Birçok insan için mutfak maceraları seyahatin bir parçasıdır: Norveç'te morina balığı veya Finlandiya'da kanlı köfte olsun, yerel halkın ne yediğini denemek. Peki Almanya'daki turistler için gerçek bir cesaret testi olarak kabul edilen şey aslında nedir?
Kuşkusuz, bu bir koku alma mücadelesidir. Daima burnunuzu takip edin. Tatilci olarak Norveç Lofoten'e gelen herkes, takımadaların spesiyalitesi olan morina balığını denemeyi sever. Almanya'dan gelen bir tur grubu gibi, 30 kişilik bir grup, bir liman restoranında herkese cesurca “Skrei” siparişi verdi.
Bu, limanda uzun şeritler halinde temiz havada, başka yerlerdeki çamaşırlar gibi kurutma raflarında kuruyan kutup morinasıdır.
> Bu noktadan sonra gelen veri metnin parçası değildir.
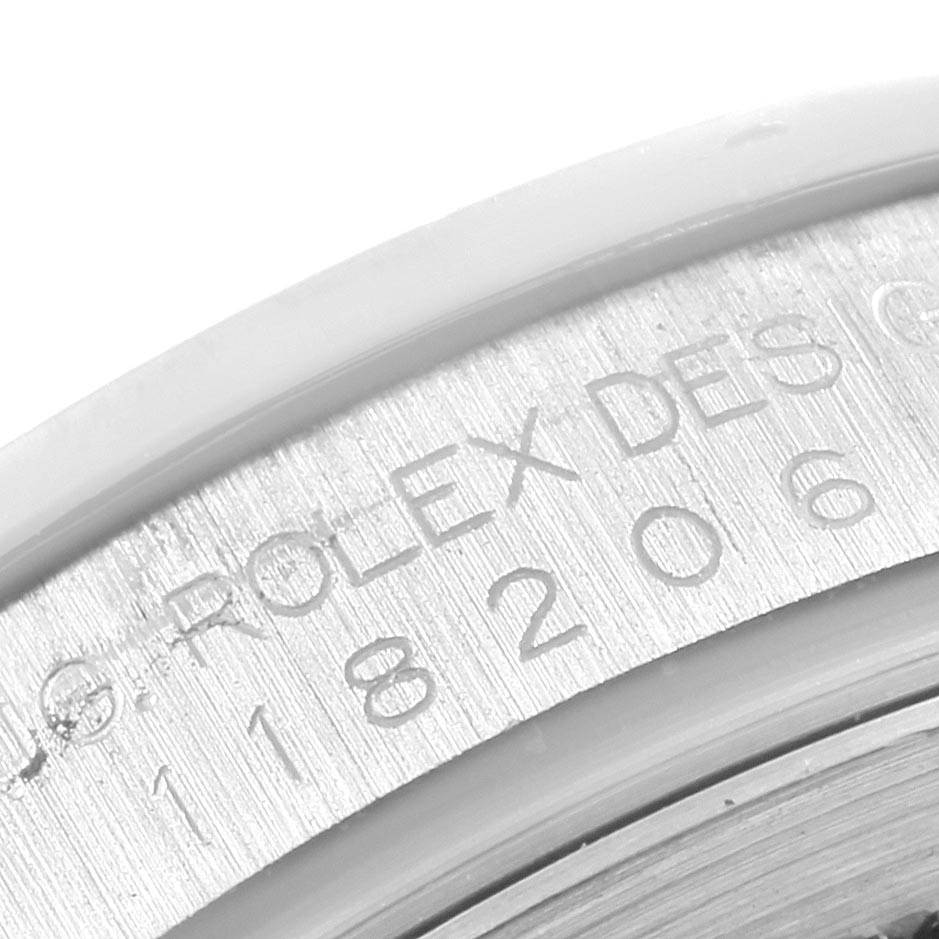 This is a close-up angle showing the engraved model number on the case of a Rolex President 118206 Men's Platinum Blue Dial 118206 Men's Platinum Blue Dial watch.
Yoğun bir tada ve keskin bir kokuya sahip olduğunu söylemek gerekir ama çok narindir, son derece sağlıklıdır ve hiçbir koruyucu madde içermez. Bunu denemekten çekinmeyin!
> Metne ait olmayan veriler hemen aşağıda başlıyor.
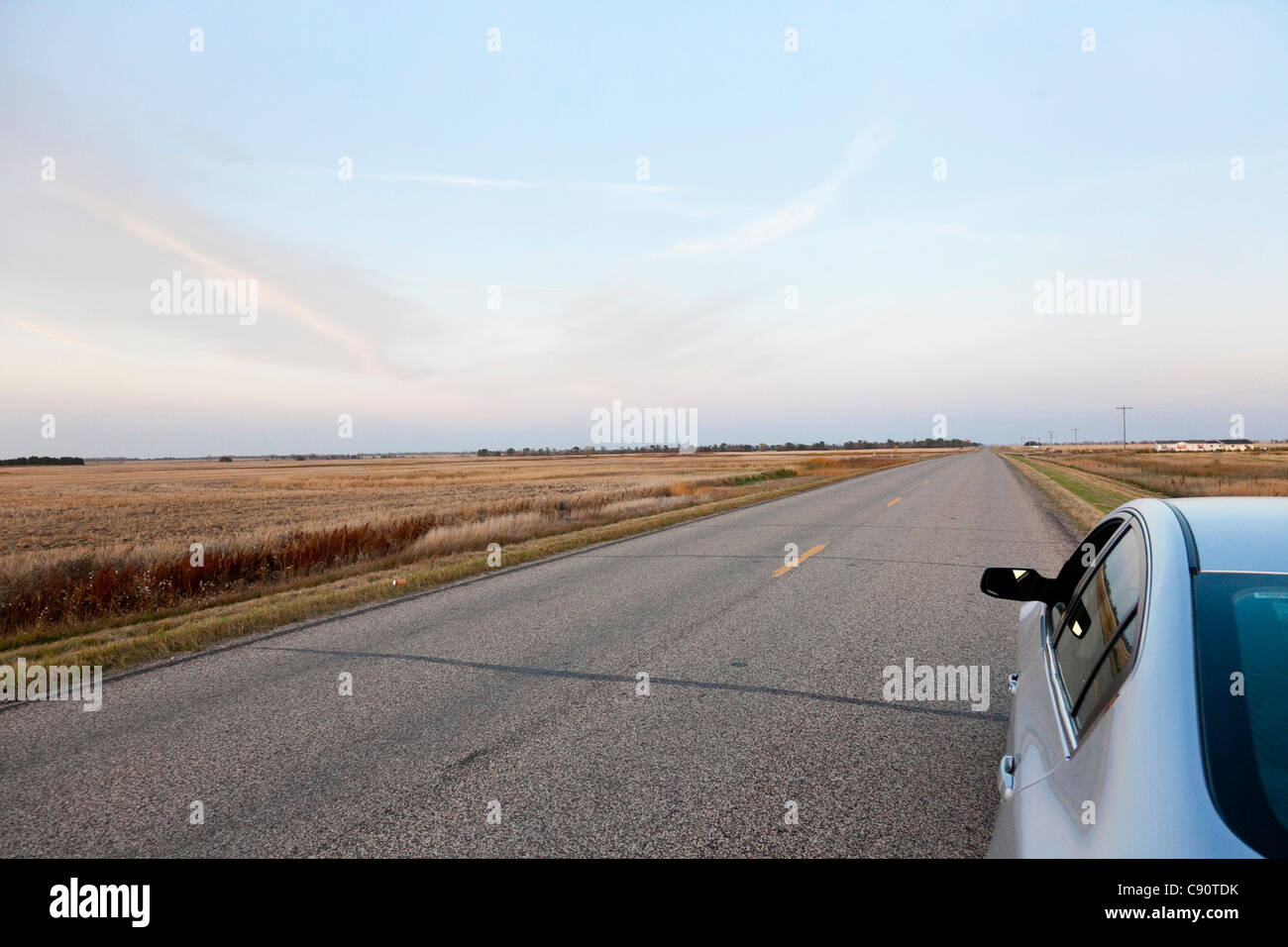 Parking car on a deserted road fields endless road highway in the mid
Seyahat ederken yerel halk gibi yemek yemek de çok popüler. Örneğin tur operatörü TUI'nin güncel “Mutfak Raporu” bunu çok büyük bir trend olarak tanımlıyor. Ankete katılan Almanya'dan gelen gezginlerin yüzde 31'i tatilde her zaman yerel mutfağı denediğini, yüzde 24'ü ise bunu çoğu zaman yaptığını söyledi. Yüzde 36'sı nadiren veya bazen seyahat ederken alışılmadık yiyecekleri yemeye cesaret ediyor. Ankete katılanların yalnızca yüzde dokuzu, “Çiftçinin bilmediğini yemez” sloganına dayanarak bu tür deneyleri temel olarak reddediyor.
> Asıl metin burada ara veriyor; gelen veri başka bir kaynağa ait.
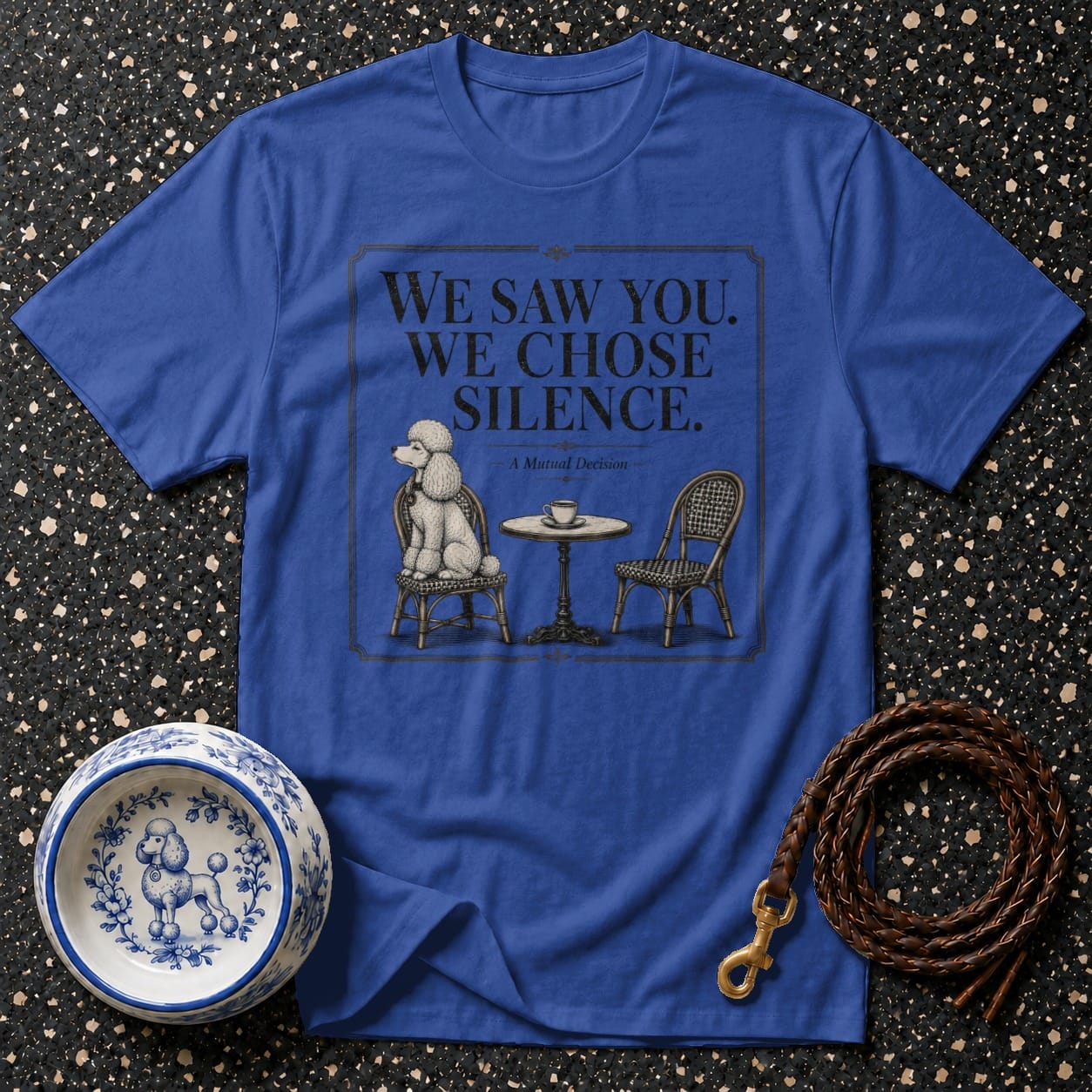 Royal blue t-shirt with illustration of poodle and text "We Saw You. We Chose Silence."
Yaşlı tatilcilerin yabancı yemek yeme konusunda daha tereddütlü olduklarını düşünenler yanılıyor. Konuklar ne kadar yaşlı ve dolayısıyla seyahat konusunda daha deneyimliyse, denemeye de o kadar istekli oluyorlar: 18 ila 24 yaş arasındakilerin yalnızca yüzde 43'ü yerel yemek yemeyi sevdiklerini söylerken, 55 ila 65 yaş arasındakiler arasında bu oran yüzde 61'e kadar çıkıyor. Bu arada, erkek tatilciler çok daha cesur.
O halde zorlu da olsa küresel ikramlara geçelim. Norveç stok balığı nispeten zararsızdır. Görsel olarak alışmanın biraz zaman aldığı düşünülen dünyanın en büyük cesaret sınavları arasında İzlanda'da koyun kafası haşlanmış olan “Svið”, Finlandiya'da hayvan kanlı arpa köftesi olan “Blodpalt” veya İngiltere'de jöleli yılan balığı olan “Jellied Eals” yer alıyor. En azından Taste-Atlas yemek platformunun 450.000 kullanıcısının oy verdiği şey bu.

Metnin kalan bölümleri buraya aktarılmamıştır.